C'est très surprenant car je m'attendais à voir une comédie lourdingue typique des années 80, mal filmée, avec un Nicolas Cage en roue libre, et bien c'est tout le contraire.


Le film est sûrement victime de ses nombreux memes/.gif/courts extraits videos qui ont été partagés ces dix dernières années sur internet, et où l'on voit essentiellement Cage faire les gros yeux et jouer comme un débile, art qu'il maîtrise à la perfection.


En fait on a un film profondément angoissant, bizarre, déconcertant à tous les niveaux, jouant sur plusieurs registres sans qu'on puisse clairement l'insérer dans une catégorie précise (comédie, fantastique, horreur, chronique sociale sur le monde du travail - D'ailleurs on perçoit clairement toute la détresse des marketeux qui ne savent pas comment vendre ce film et qui le transforment en une espèce de comédie romantique légère et sympatoche dans la bande-annonce d'origine du film).


Mais c'est aussi un film d'errance, de déambulations nocturnes dans un Manhattan délavé et sinistre. On pourrait très bien penser à du Jarmusch 1ère époque, voire pourquoi pas à du Cassavetes. Sauf que les errances en compagnie de Nicolas Cage sont extrêmement ludiques et beaucoup moins plombantes que dans les exemples précités.


Et évidemment le parallèle avec "After hours" saute aux yeux, même sans savoir qu'il s'agit du même scénariste. Visuellement très semblable, avec ces mêmes quartiers interlopes ultra cinégéniques, filmés par une caméra en surplomb qui écrase des personnages qui ne sont plus que des silhouettes. Ces décors très ressemblants (l'inévitable séquence du "Diner" par exemple, où se retrouvaient déjà Rosanna Arquette et Griffin Dunne - Mais désormais Nic Cage y est absolument seul et abandonné - on a à ce sujet un ton beaucoup plus sinistre ici) Même sens du détail dans la représentation d'un monde grouillant de vie et pourrissant dans tous ses recoins.

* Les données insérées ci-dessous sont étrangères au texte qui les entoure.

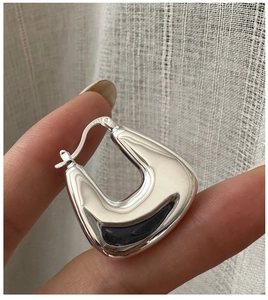 Detailed close-up of chunky 925 sterling silver square hoop earrings with S925 hallmark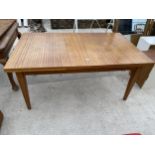 A 1970'S TEAK DRAW-LEAF DINING TABLE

Un film d'immersion où les éléments de récit son finalement de moindre importance (un peu à l'image récemment d'"il était une fois à Hollywood" de Tarantino), l'objectif étant de plonger véritablement le spectateur dans ce monde.

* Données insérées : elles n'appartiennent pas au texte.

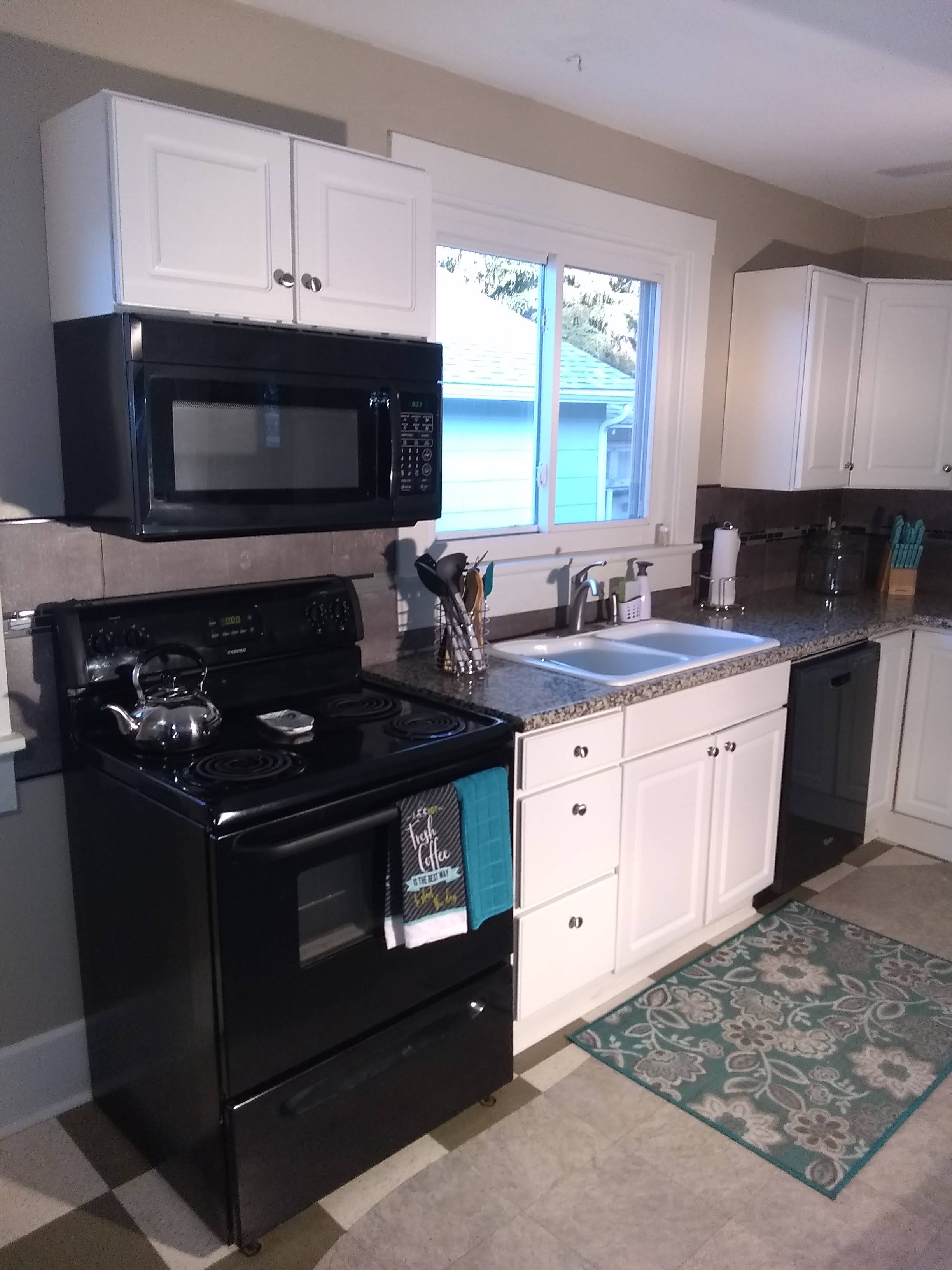 Kitchen with sink, fridge, oven, and dishwasher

En ce sens, la meilleure solution est d'adopter un point de vue subjectif calqué sur celui d'after hours. Constamment collé au plus près personnage principal. On est au même niveau que lui, projeté dans ses tourments, délires et hallucinations, sans aucune clé de compréhension extérieure. On rit jaune tout du long, jusqu'à ce final aussi glauque que violent qui rabat les cartes, puisque l'on ne rit plus du tout. On a quitté la comédie, et de loin.


Le malaise était déjà bien perceptible dans les 30 dernières minutes du film (avec des scènes parfois un peu moins inspirées - séquence du viol par exemple) pour culminer sur les déambulations de Cage qui prennent un tournant franchement pathétique; désormais un personnage voûté qui arpente les rues en vociférant des absurdités à des passants perplexes qui l'ignorent royalement.


Le réalisme de la mise en scène est très troublant, avec cette impression d'avoir vraiment lâché le fauve Cage en plein New York pour s'amuser à le filmer dans sa déchéance publique. Ce qui me rappelle instantanément les plans filmés de Michel Simon en téléobjectif par Jean Renoir dans Boudu - Simon clochardisant dans les rues de Paris, et ce afin de voir s'il serait absorbé par la foule parisienne. On en est à ce niveau-là.


Parce qu'on ne le dit sûrement jamais assez : Nicolas Cage est le plus grand acteur des années 90 et il a complètement atomisé la notion même de jeu d'acteur. Il a amené son jeu à des niveaux expressionnistes jamais connus auparavant dans un cinéma "classique". Il exhorbite ses yeux comme personne. Il a très vite compris que l'on n'était jamais ridicule lorsque l'on assumait à 2000% ses options de jeu. Il fait donc ce que personne d'autre ne peut/n'oserait faire (je garderai longtemps en mémoire sa prestation hallucinante dans volte/face, et notamment les premières minutes où l'on a un pur festival de Cage en gangster lubrique déguisé en curé).


Et sans mauvais jeu de mot, il "vampirise" littéralement les films dans lesquels il joue - avec un seul exemple similaire en tête : Donald Sutherland.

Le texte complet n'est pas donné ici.